• É evidente que o presidente da Câmara tudo fará para que seu processo na Comissão de Ética só seja decidido no ano que vem. Enquanto isso, a crise se agravará
A foto estampada nos jornais de ontem, em que o presidente da Câmara, Eduardo Cunha (PMDB-RJ), olha, assustado, para uma chuva de notas falsas de dólares, tem lugar certo na galeria de imagens nas retrospectivas do ano a serem feitas pela imprensa no final de dezembro. Jogadas por um militante, as cédulas compuseram uma cena sugestiva em torno do político, acusado, com provas contundentes, de manter no exterior contas e dinheiro não declarados à Receita. Além disso, há relatos precisos, no processo da Lava-Jato, sobre como parte dos dólares se originou no esquema edificado pelo lulopetismo na Petrobras.
A questão é que a crise em torno de Eduardo Cunha ameaça também vir a fazer parte das retrospectivas do noticiário de 2016. Coerente com o perfil de político calejado em escândalos, desde que assumiu a estatal de telefonia do Rio de Janeiro (Telerj), no governo Collor, Cunha segue impávido no principal lugar da Mesa da Câmara, mesmo que dados e valores de contas suas e da família na Suíça já sejam de conhecimento geral. Não renunciará, tudo indica.
No momento daquela revelação, pensou-se que o presidente da Câmara fraquejaria. Se isso ocorreu, não demonstrou. E não se tem mais dúvida de que fará tudo para que qualquer decisão do Conselho de Ética da Câmara sobre as denúncias apresentadas contra ele pelo PSOL e pela Rede só ocorra no ano que vem, na volta do recesso.
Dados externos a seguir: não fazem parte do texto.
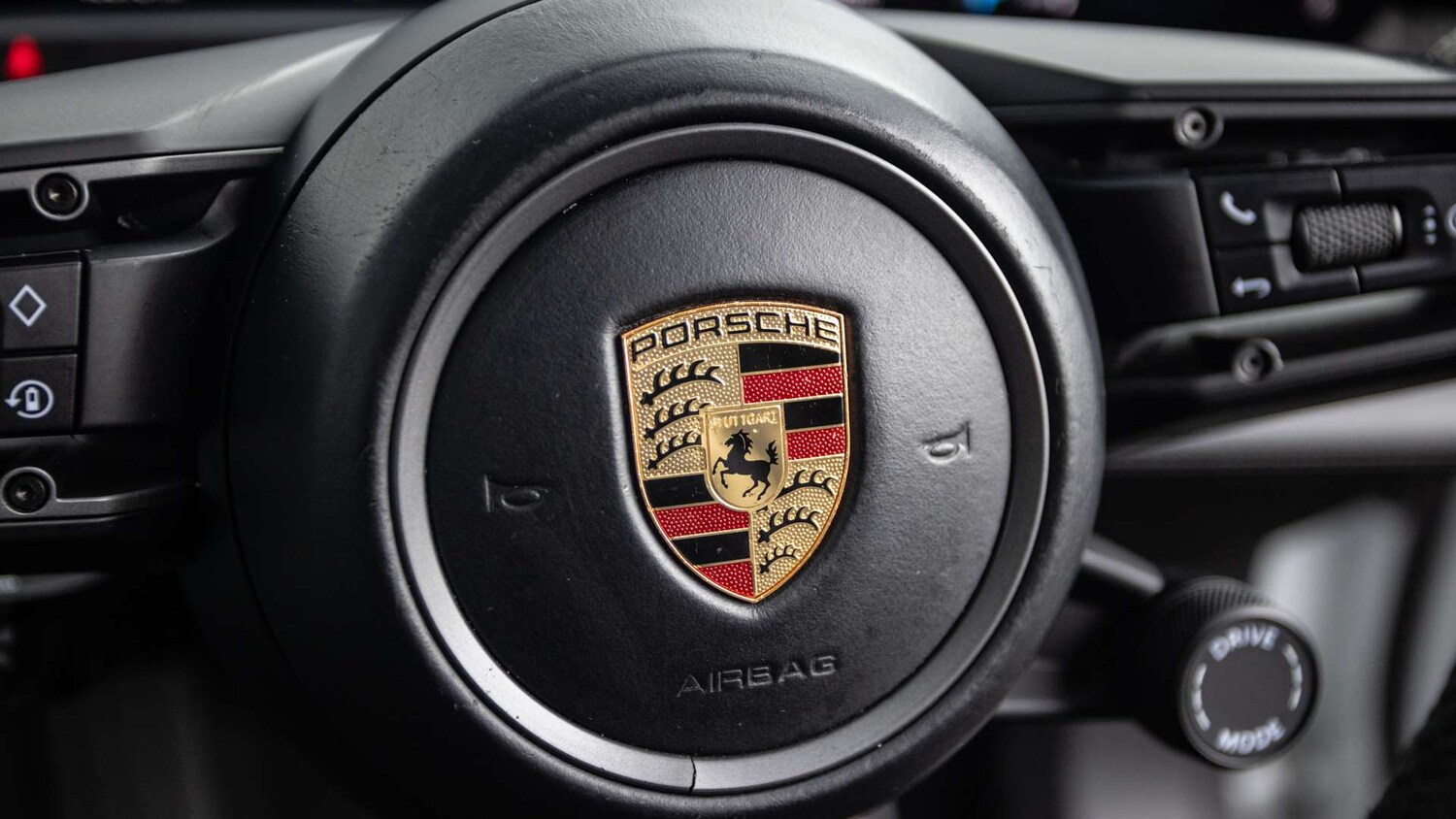 Used Porsche Taycan 2021 for sale - 77674710: Photo 35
Eduardo Cunha aspira a escapar pelo esquecimento. Difícil, admita-se.
O presidente do Conselho de Ética, José Carlos Araújo, escolheu ontem para ser relator do processo de Cunha o deputado Fausto Pinato (PRB-SP), liderado de Celso Russomanno, do mesmo partido e estado. Aliás, Pinato entrou na Câmara com sobras de votos de Russomanno.
O relator pode simplesmente propor o arquivamento do caso. Garante-se que Pinato não tomará esta decisão. Há especulações, ainda, sobre o risco de um ato impopular do relator — pró-Cunha, portanto — atingir seu padrinho Russomanno, mais uma vez candidato à prefeitura de São Paulo.
O presidente da Câmara já provou que não tem limites. Configura-se um quadro ruim, em que uma certa catatonia do Planalto diante do mau momento do país e do governo se soma ao travamento da Câmara, sob as rédeas de Cunha, para tratar de projetos-chave no enfrentamento da crise econômica.
Na quarta, afinal a Comissão de Constituição e Justiça da Câmara aprovou a emenda constitucional que prorroga a DRU (Desvinculação de Recursos da União) até 2023, com a desvinculação de 30% do Orçamento, em vez dos 20% da que expira agora. Como é emenda, há um longo rito até ela ser aprovada em dois turnos no Senado. E quanto mais rapidamente isso ocorrer, melhor para o ajuste fiscal. Mas tudo fica na dependência do plano de Cunha de se agarrar no posto, apesar de todas as provas contra ele. Salvo alguma interferência do Ministério Público ou do Supremo.